Scritto da Federico Fiorenza, è sua la regia insieme a Sandro Rossino.

Con Micaela De Grandi, Valentina Ferrante e Federico Fiorenza

Videomaker Giuseppe Guagliardo; aiuto regia Angelo Leonardi; light designer Marco Tumminelli;

compagnia Banned Theatre.

Viene rappresentato dopo “Decadenze” di Giovanni Arezzo nella stessa sala Futura che da quest’anno ospita la Stagione 0 dedicata ai lavori firmati dai giovani al concorso “Catania premia Catania“.

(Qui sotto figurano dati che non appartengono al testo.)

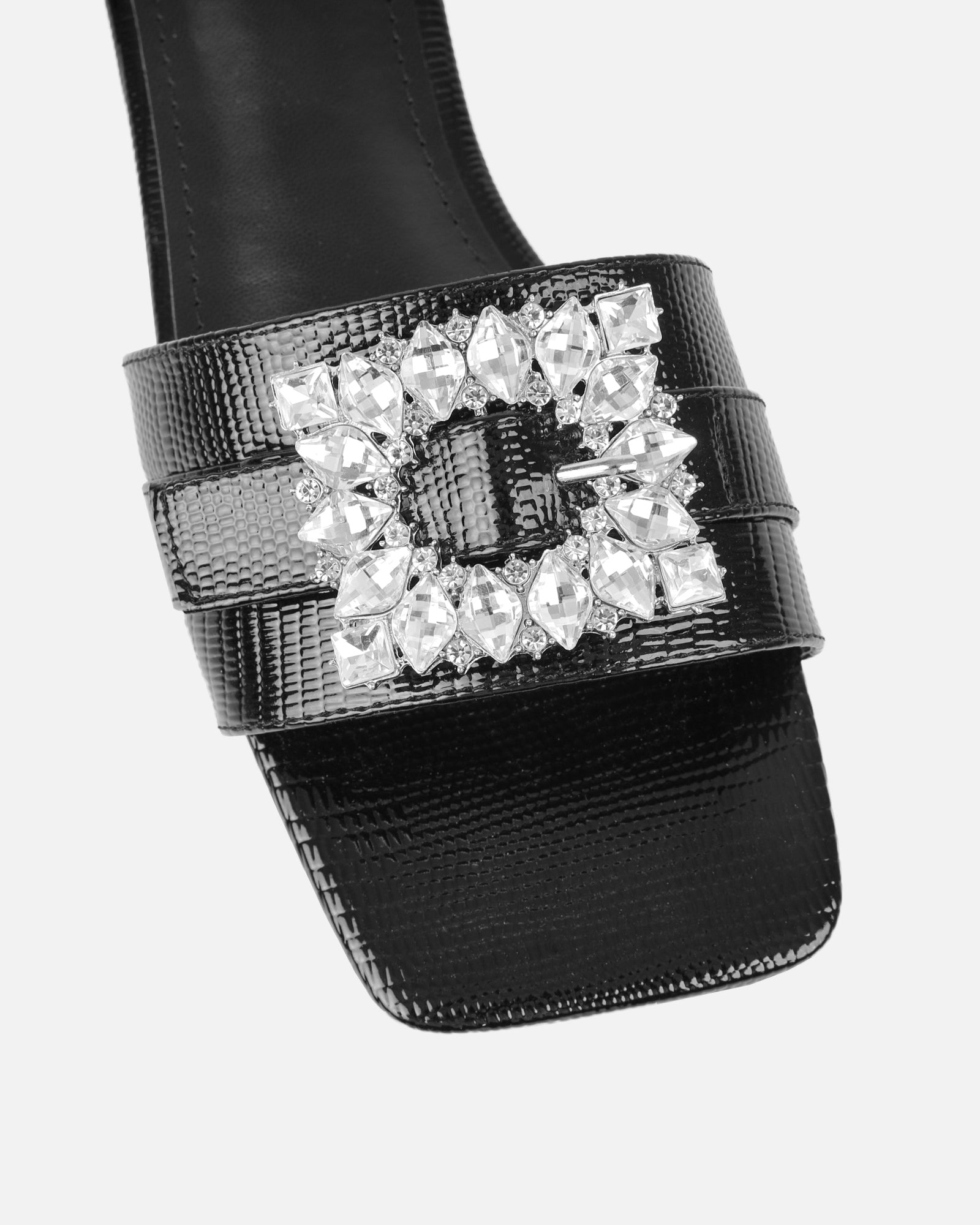 Cyra black lizard effect diamante flat sandals |SIMMI London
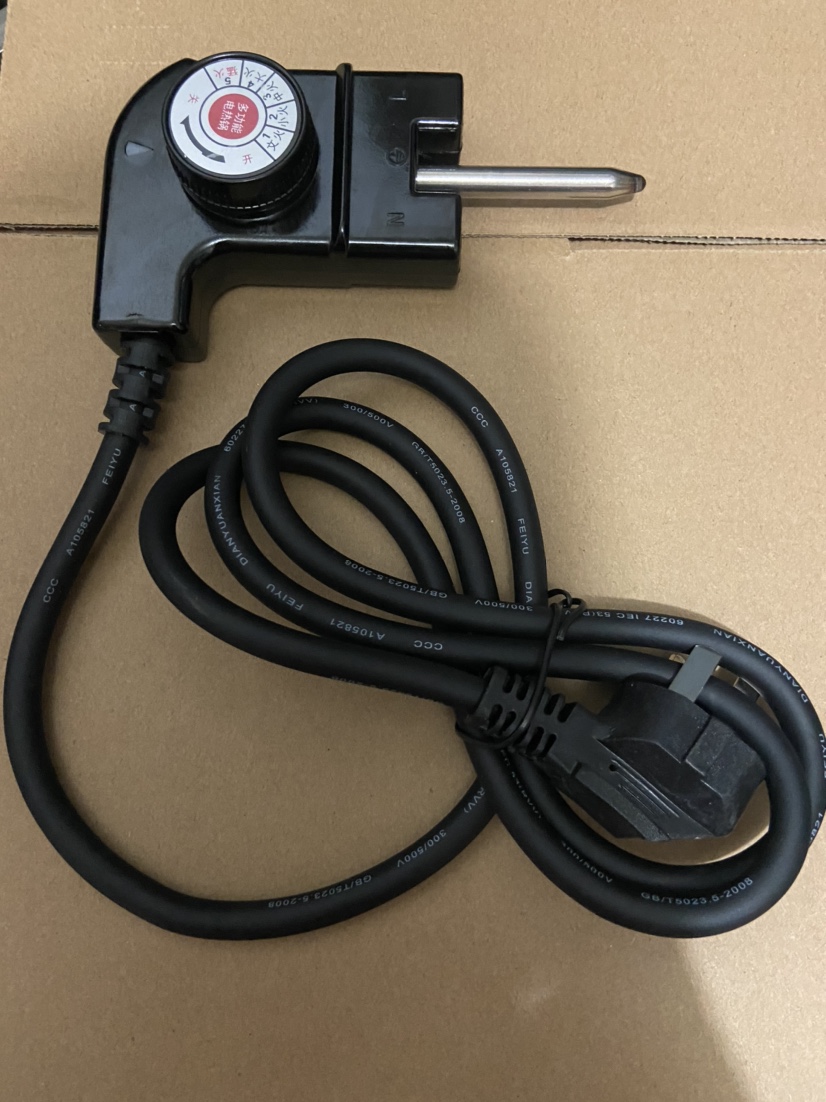 Dethut Electric boiler power cord Electric frying pan flat opening triple-hole wire electric hot pot thermoregulation line pure copper groove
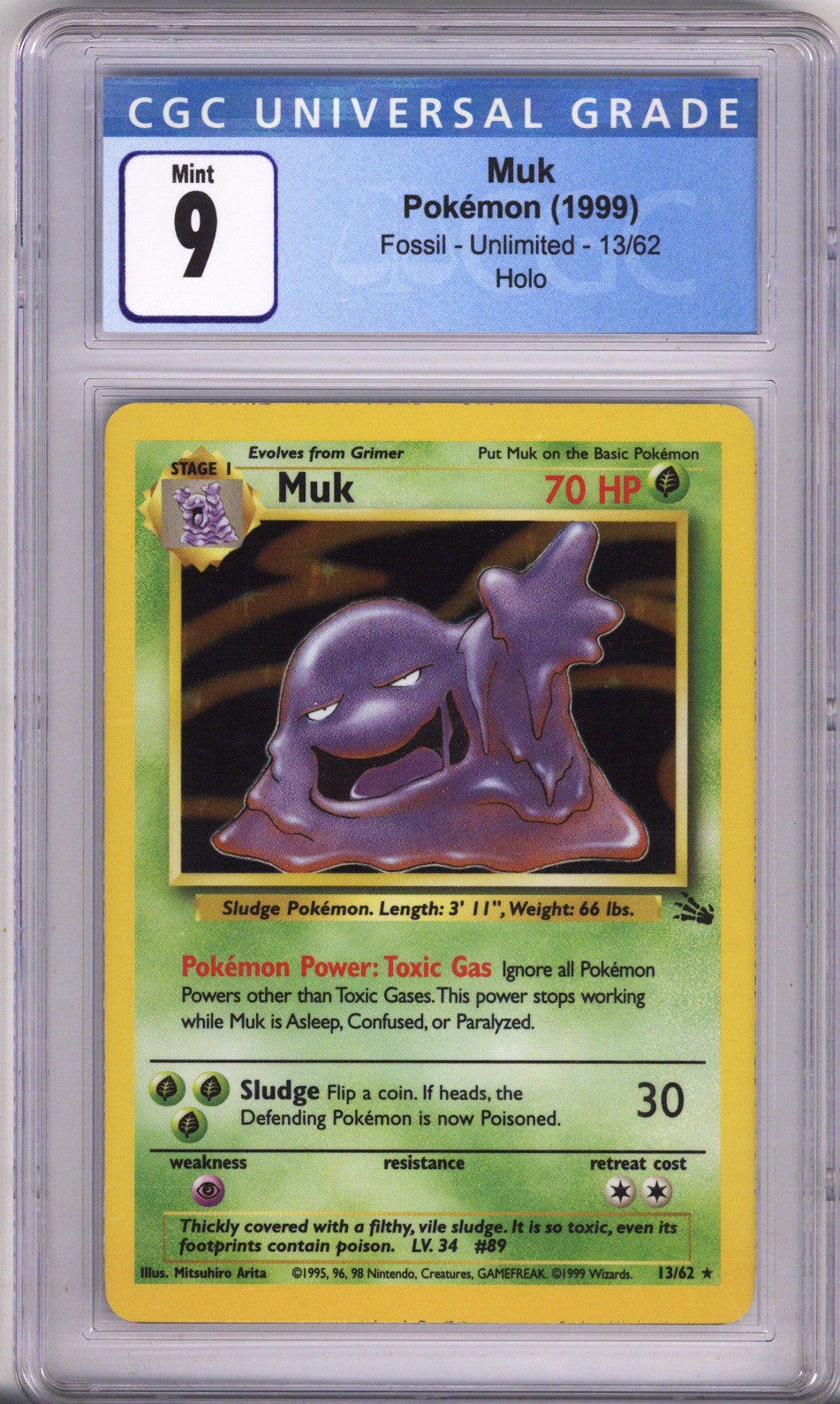 Pokemon Fossil Muk Holo CGC Mint 9 (1999)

<<“In balia di un attimo” – spiega l’autore, regista, attore Federico Fiorenza – è l’elaborazione di voci narranti e situazioni proprie di uomini che hanno subito un infortunio sul lavoro, una realtà che tocca da vicino non solo il soggetto che subisce, ma l’intero nucleo familiare. Ciò che dovrebbe “nobilitare l’uomo” diventa improvvisamente una mannaia che taglia l’individuo fuori dalla sua stessa esistenza, rendendolo spettatore passivo.
Viene restituito al pubblico, anche se infinitamente piccolo, l’eroe della vita.
Un eroe normale, con poche pretese, ma pur sempre un eroe di umana natura che con la propria capacità emozionale e la ricchezza della sua diversità, riacquista la propria individualità.
>>

Micaela Degrandi appare sulla scena, vestita di nero, rotea su se stessa come in preda ad una taranta e sbiascica una lamentela simile ad un affanno di morte: giunge come un sinistro presagio, una Cassandra inascoltata. Di spalle v’è un uomo (Federico Fiorenza) sopra il ponte di un cantiere: è bianco come la calce, pallido come uno spettro, ma la sua bocca sembra masticare sangue. Ed assale verbalmente una creatura (Valentina Ferrante), anch’essa bianca, ma più somigliante ad una colomba, un manto della carità che accudisce con amore e perseveranza burattini a cui manca una parte: ella teme quell’uomo e al tempo stesso spera di convincerlo che quelli non sono pezzi da buttar via. Ma non c’è tempo: bisogna andare in scena, montare il bel teatrino in cui gli spettatori vedranno solo ordine e perfezione e nel quale non ci sarà posto per le marionette invalide. E’ un mondo infarcito di rabbia e prepotenza, tenuto saldo dalla paura; e si muove su fragili basi perché infine rivela che il buio nel cuore dell’uomo che grida è stato generato da un dolore mostruoso ed ingiusto. E l’uomo che grida, quel dolore dovrà guardarlo in faccia, ci si dovrà confrontare altrimenti tutte le voci che sente nella testa lo porteranno alla follia. E le voci si rivelano essere quelle di tutti coloro che in un attimo hanno visto la propria vita cambiare, di quelli che si sono trovati nella necessità di reinventare la scena ricomponendo i pezzi come a quei pupi prima.

“In balia di un attimo” racconta in modo fantastico gli incidenti sul lavoro, parla di uomini e donne rotti dal lavoro, buttati via e nascosti perché invalidi ed impresentabili; di persone coraggiose che nel dolore e nel nuovo aspetto hanno scoperto un altro modo di vivere, forse “non a metà”.

Micaela Degrandi e Valentina Ferrante, l’una con movenze da inquieta danzatrice, l’altra con l’intonazione da soprano evocano il rammarico e la pietà. Si fanno ascoltare ed osservare con attenzione, ma sembrano interpretazioni avulse dalla storia che a mio parere risente dei numerosi cambiamenti di registro, contaminazioni di stile narrativo a discapito non solo di un legante, ma anche di una messa a fuoco sul problema nobilmente affrontato. E perciò è una disdetta che la questione sembri rimanere irrisolta, sospesa, i personaggi appena tratteggiati e forse quello del puparo/datore di lavoro troppo rimarcato, corpo avanzato rispetto all’ intera struttura. La fantasia adoperata come meccanismo per consegnare allo spettatore un modo di leggere l’intenzione dell’autore genera a mio parere qualche momento di confusione che a malapena verrà chiarito dal montaggio finale di storie di vite vere che sembra essere ancora una volta un pezzo a parte. Magnifico il modo di adoperare la voce da parte dei tre attori, ciascuno con le proprie caratteristiche convincente come interprete. Molto ben realizzato l’uso delle proporzioni (come nella foto sopra si può constatare) per significare la prepotenza, la paura, la sudditanza.